## What needs to be done:
For every line below, output the text exactly and leave out images.

## Extracted records:
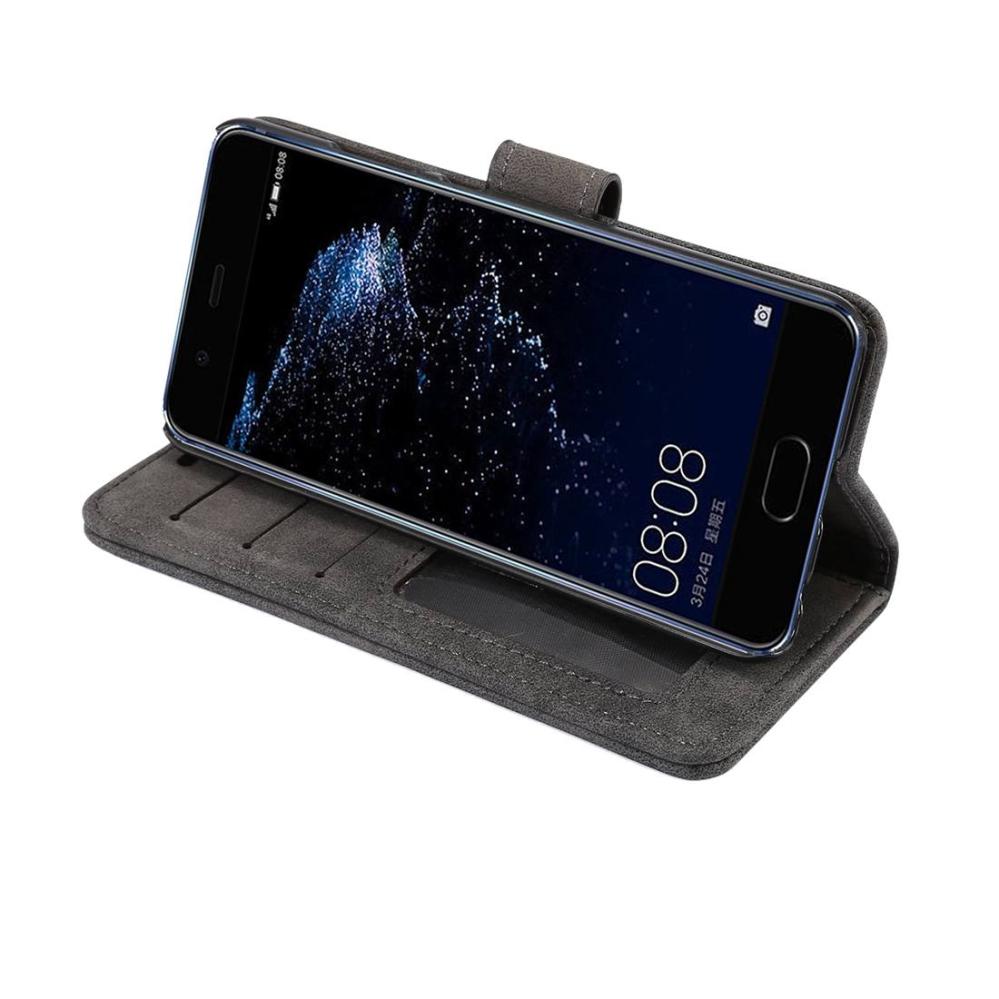 Plånboksfodral för Huawei P10 Plus - Med kortplatser och sedelfack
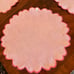 NEW HMA Decor Peony Pink Linen Placemats- Set of 4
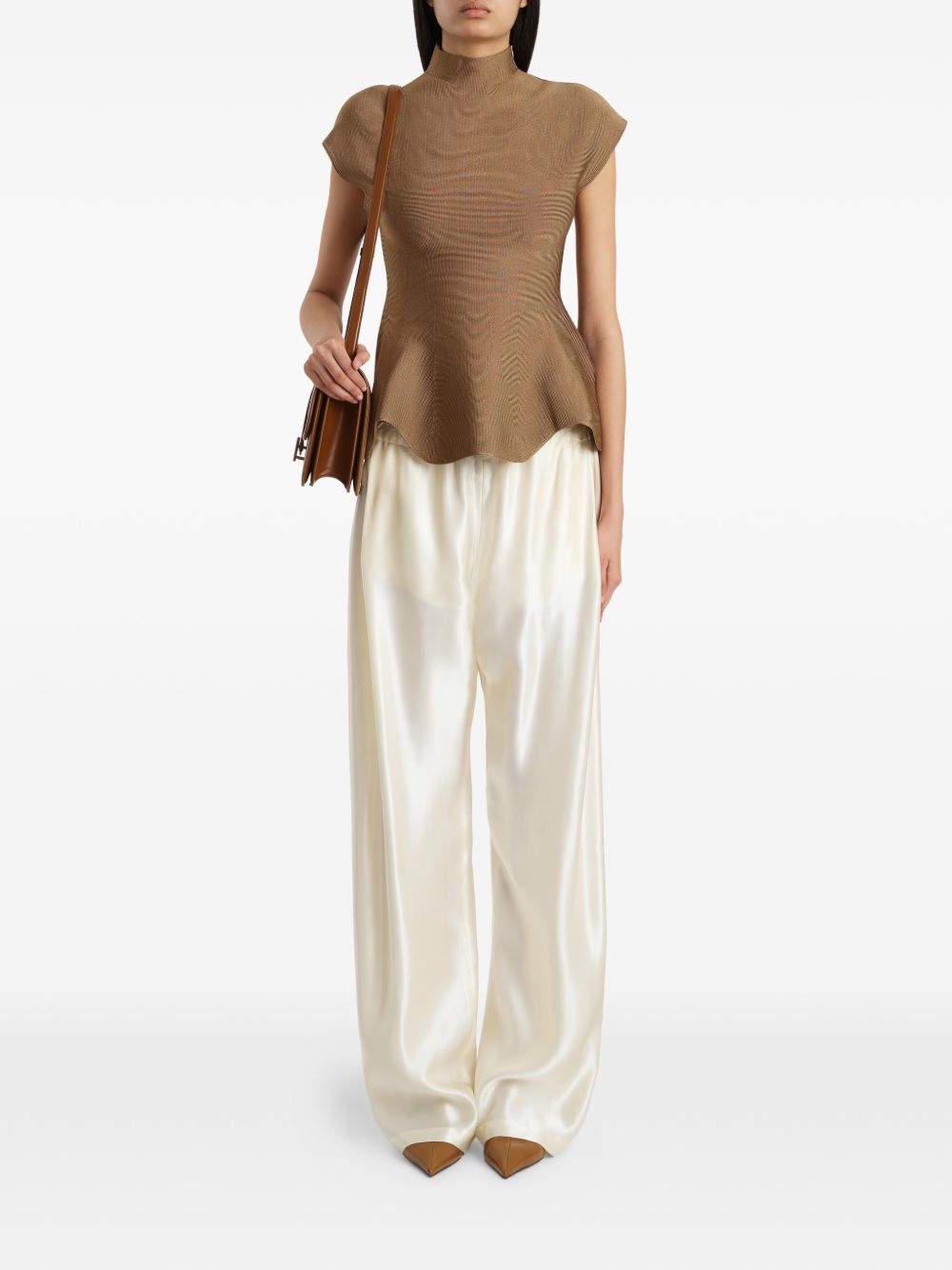 Khaite Trousers - Light and natural | e90977fee1043b479d15ab01a0a7af0de4abe02d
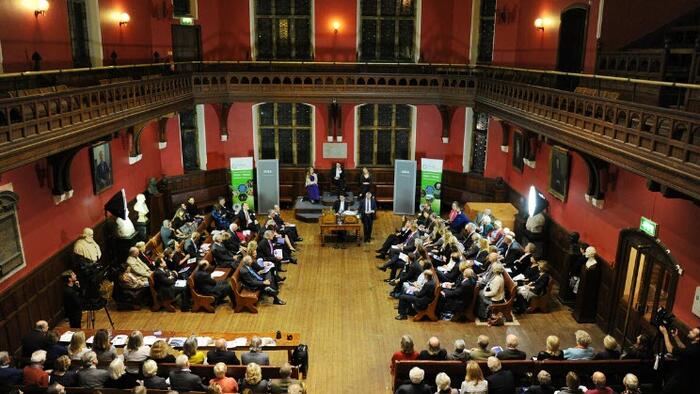 NextImg:Oxford Union To Set Up "Welfare Spaces" For Students To Cope With Gender Debate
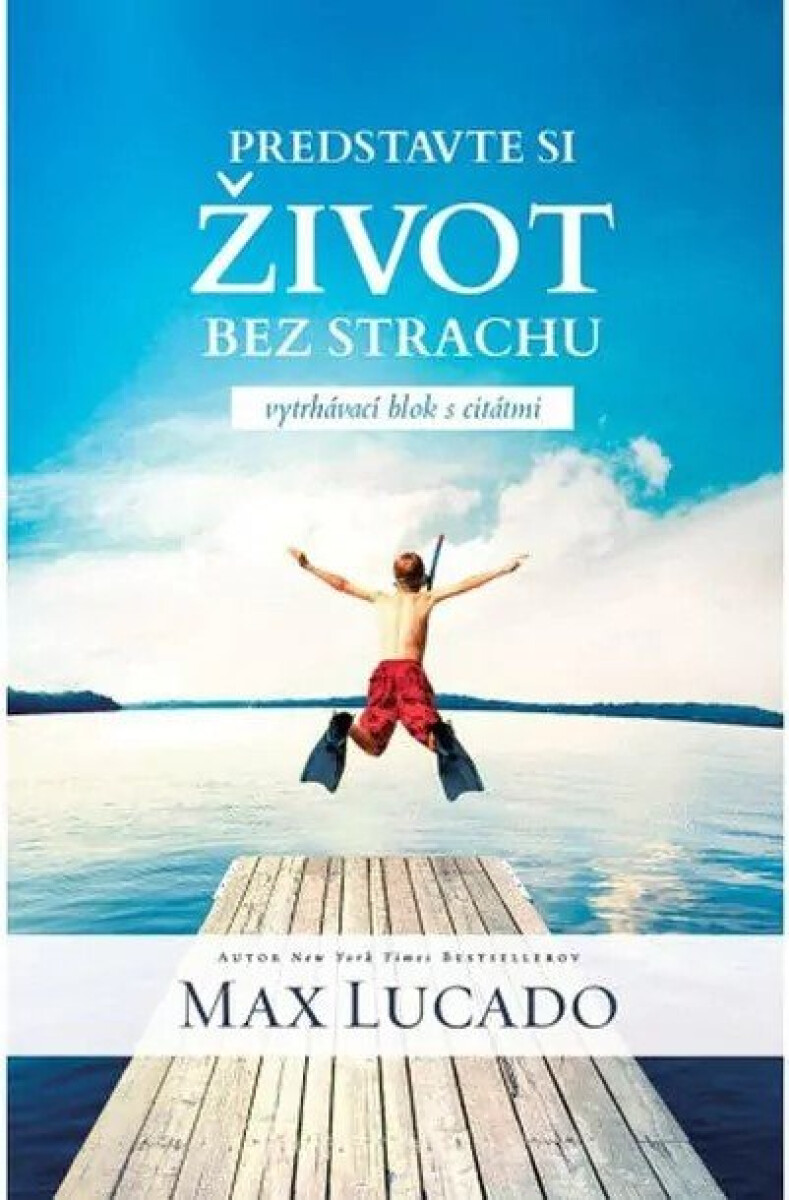 Kniha Predstavte si život bez strachu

## Response to the exercise:
 Plånboksfodral för Huawei P10 Plus - Med kortplatser och sedelfack
 NEW HMA Decor Peony Pink Linen Placemats- Set of 4
 Khaite Trousers - Light and natural | e90977fee1043b479d15ab01a0a7af0de4abe02d
 NextImg:Oxford Union To Set Up "Welfare Spaces" For Students To Cope With Gender Debate
 Kniha Predstavte si život bez strachu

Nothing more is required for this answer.